In diesen Interviews geht es weniger um das Abfragen von Meinungen als vielmehr um die Wirkung der Nachrichten auf den Alltag der Menschen. Wir machen also so etwas wie eine kleine Zeitreise. Wie war das, als Sie dieses oder jenes zum ersten Mal gehört haben? Erinnern Sie sich noch an die ersten Bilder? Wie ist es heute? So versuchen wir möglichst nah an das Erleben der Menschen ranzukommen. Daraus ergeben sich wiederum psychologische Fakten. Man kann zum Beispiel erkennen, wann eine Abstumpfung eingesetzt hat.
Was nehmen Sie in diesen Gesprächen wahr?
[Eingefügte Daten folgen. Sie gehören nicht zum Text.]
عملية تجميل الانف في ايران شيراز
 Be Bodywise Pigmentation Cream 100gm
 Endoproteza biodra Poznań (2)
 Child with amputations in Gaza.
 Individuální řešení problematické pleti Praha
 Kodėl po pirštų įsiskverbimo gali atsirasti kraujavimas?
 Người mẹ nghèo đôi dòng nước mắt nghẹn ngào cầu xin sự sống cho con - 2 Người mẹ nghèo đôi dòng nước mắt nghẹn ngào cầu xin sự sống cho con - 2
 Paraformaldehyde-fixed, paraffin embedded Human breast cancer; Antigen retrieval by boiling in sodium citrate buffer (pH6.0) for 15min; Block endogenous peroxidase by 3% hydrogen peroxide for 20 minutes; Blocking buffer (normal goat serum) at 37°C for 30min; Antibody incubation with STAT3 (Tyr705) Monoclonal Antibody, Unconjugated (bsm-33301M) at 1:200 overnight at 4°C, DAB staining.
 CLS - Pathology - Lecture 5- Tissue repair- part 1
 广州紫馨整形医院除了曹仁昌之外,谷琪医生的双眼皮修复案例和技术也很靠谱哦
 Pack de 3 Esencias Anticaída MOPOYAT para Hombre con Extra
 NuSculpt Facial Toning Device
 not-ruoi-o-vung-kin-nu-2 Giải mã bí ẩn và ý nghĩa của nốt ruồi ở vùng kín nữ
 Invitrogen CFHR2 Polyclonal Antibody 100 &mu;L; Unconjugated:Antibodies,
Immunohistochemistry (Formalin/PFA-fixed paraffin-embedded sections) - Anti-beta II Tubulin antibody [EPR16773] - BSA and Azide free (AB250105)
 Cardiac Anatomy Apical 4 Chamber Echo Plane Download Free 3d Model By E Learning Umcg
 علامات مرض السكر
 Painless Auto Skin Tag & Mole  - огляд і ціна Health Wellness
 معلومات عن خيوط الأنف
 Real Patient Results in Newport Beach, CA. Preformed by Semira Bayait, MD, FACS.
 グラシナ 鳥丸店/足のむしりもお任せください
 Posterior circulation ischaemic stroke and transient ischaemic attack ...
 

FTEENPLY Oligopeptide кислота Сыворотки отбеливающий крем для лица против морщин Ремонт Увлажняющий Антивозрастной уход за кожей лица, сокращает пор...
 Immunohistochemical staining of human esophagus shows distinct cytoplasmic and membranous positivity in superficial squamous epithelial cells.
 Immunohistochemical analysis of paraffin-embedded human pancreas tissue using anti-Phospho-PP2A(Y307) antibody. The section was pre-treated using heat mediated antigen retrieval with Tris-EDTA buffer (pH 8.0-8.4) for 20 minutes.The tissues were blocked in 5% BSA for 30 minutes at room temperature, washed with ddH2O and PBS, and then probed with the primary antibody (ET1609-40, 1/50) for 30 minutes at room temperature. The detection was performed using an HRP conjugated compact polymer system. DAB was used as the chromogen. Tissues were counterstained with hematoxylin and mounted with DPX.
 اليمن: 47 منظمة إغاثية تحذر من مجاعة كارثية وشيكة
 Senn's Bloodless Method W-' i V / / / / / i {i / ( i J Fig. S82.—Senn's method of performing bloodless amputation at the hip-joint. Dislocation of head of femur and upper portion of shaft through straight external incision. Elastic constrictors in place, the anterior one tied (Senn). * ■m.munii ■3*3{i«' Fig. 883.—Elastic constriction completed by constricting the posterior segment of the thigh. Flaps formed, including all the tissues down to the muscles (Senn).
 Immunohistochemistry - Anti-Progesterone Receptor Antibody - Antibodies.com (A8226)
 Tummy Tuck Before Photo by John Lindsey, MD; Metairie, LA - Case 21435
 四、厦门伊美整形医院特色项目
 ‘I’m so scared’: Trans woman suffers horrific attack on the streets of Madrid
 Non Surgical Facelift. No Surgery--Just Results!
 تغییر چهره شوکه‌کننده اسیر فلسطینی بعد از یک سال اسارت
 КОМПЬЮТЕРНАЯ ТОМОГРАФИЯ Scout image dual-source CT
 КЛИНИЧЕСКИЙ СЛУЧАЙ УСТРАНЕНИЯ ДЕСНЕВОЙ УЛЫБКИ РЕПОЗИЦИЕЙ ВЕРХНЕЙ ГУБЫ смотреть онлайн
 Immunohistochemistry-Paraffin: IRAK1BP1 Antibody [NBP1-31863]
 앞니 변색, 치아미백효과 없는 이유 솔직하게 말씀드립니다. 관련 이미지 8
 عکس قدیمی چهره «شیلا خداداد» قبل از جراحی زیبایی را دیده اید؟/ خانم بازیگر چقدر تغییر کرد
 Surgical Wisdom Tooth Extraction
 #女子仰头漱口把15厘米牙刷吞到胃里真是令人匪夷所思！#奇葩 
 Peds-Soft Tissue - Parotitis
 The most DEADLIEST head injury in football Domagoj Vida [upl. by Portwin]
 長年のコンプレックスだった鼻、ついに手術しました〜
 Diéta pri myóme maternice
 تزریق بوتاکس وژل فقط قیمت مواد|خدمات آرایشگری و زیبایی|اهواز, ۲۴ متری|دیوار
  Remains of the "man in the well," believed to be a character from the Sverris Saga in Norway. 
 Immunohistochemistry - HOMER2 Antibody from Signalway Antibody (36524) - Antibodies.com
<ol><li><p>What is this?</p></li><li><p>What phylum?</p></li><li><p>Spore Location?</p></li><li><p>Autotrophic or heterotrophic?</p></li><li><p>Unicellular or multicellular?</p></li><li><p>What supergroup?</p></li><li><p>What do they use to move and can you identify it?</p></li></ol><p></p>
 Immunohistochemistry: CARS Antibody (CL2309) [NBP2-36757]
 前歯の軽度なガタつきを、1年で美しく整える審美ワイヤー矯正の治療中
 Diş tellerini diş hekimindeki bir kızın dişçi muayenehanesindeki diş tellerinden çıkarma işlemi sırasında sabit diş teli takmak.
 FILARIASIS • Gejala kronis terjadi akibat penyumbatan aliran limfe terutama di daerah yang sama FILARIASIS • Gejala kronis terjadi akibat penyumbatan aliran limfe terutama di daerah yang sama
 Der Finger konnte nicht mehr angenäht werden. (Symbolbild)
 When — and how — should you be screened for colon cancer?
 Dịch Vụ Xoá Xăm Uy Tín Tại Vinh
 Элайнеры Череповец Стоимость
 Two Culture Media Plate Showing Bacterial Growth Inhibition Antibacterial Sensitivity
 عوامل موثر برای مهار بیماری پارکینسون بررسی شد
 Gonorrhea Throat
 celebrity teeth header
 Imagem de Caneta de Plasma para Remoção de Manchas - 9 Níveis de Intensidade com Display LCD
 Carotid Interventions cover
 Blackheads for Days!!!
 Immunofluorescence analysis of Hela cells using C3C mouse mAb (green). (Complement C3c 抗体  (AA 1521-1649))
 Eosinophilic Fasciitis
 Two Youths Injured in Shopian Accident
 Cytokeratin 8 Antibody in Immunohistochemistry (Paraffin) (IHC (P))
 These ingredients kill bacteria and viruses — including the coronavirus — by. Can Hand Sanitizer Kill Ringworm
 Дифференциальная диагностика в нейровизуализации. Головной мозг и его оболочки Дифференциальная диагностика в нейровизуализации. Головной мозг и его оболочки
Es herrscht in Deutschland das Gefühl vor, dass vor Corona die Welt gewissermaßen noch in Ordnung war. Damals hat es zwar auch Krisen gegeben, aber man hatte den Eindruck, dass sich die Lage danach auch wieder besserte. Von der Flüchtlingskrise von 2015 war 2017 kaum noch etwas zu spüren – die Rückkehr zur Normalität.
Und heute?
Seit Corona erleben die Menschen eine Art Stapelkrise. Mehrere Krisen folgen aufeinander, ohne dass je eine gelöst wird. Die Pandemie ist zwar vorbei, aber die Folgen sind noch da – in den Schulen, in der Gastronomie. Noch schlimmer: der nicht endende Ukraine-Krieg, die Inflation, die möglicherweise zurückkehrende Energiekrise. Wenn die Menschen in eine Talkshow reinzappen, hören sie plötzlich jemanden, der die Gefahr eines dritten Weltkriegs sieht. Solche Stimmen gab es noch vor einigen Jahren gar nicht. Das ist eine neue Qualität. Statt einer Rückkehr zur Normalität erleben die Menschen dadurch einen Dauerstress, mit dem sie zurechtkommen müssen.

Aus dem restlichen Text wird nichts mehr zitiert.